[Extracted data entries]
Content starts

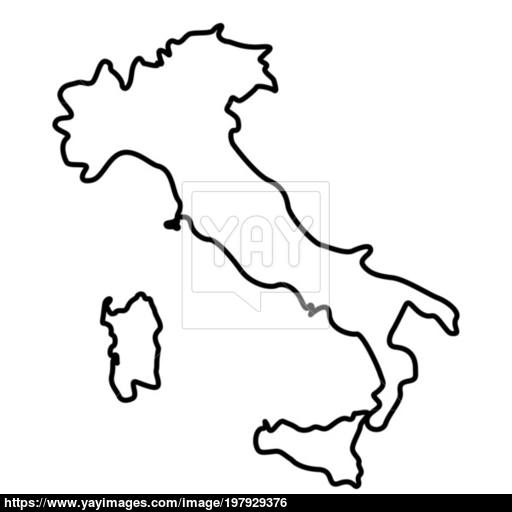 Map Of Italy Icon Black Color Illustration Flat Style Simple Image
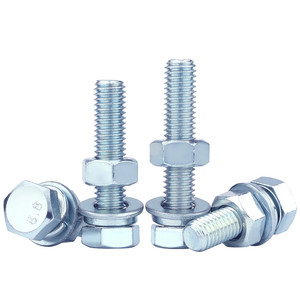 Sınıf 8.8 yüksek mukavemetli galvanizli altıgen cıvata ve somun seti düz yıkayıcı + yaylı yıkayıcı ile tam Spec endüstriyel vida kombinasyonu - Product Image 1
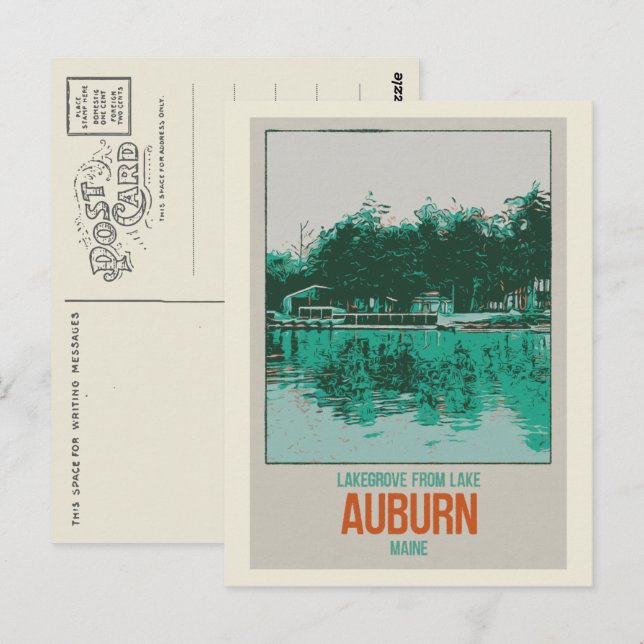  Auburn Maine USA Lakegrove illustration Postcard (Front/Back)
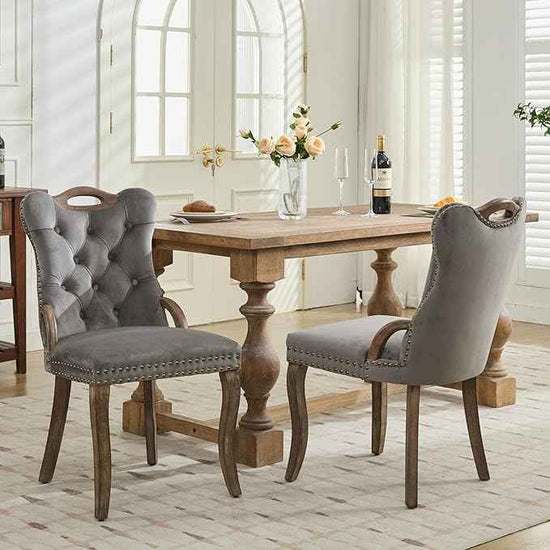 Grey Velvet Dining Chairs Set of 2，Modern Upholstered Dining Room Chairs with Tufted Back and Wood Handles, Curved Solid Wood Legs, Sillas de Comedor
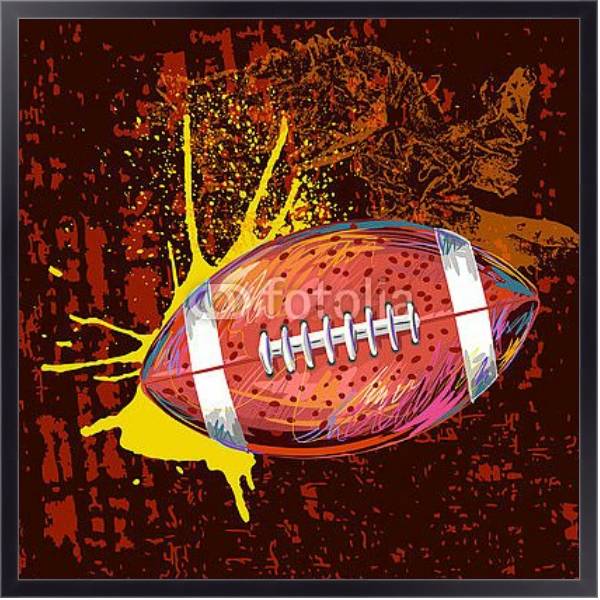 Постер Мяч для регби с типом исполнения На холсте в раме в багетной раме 221-01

Content ends

* **ACTIVITY**
Begin with the first line of the records and repeat every line up to the one with "Grey Velvet Dining", counting that line too. Pictures are not part of the copy.

* **EXERCISE ANSWER**
 Map Of Italy Icon Black Color Illustration Flat Style Simple Image
 Sınıf 8.8 yüksek mukavemetli galvanizli altıgen cıvata ve somun seti düz yıkayıcı + yaylı yıkayıcı ile tam Spec endüstriyel vida kombinasyonu - Product Image 1
  Auburn Maine USA Lakegrove illustration Postcard (Front/Back)
 Grey Velvet Dining Chairs Set of 2，Modern Upholstered Dining Room Chairs with Tufted Back and Wood Handles, Curved Solid Wood Legs, Sillas de Comedor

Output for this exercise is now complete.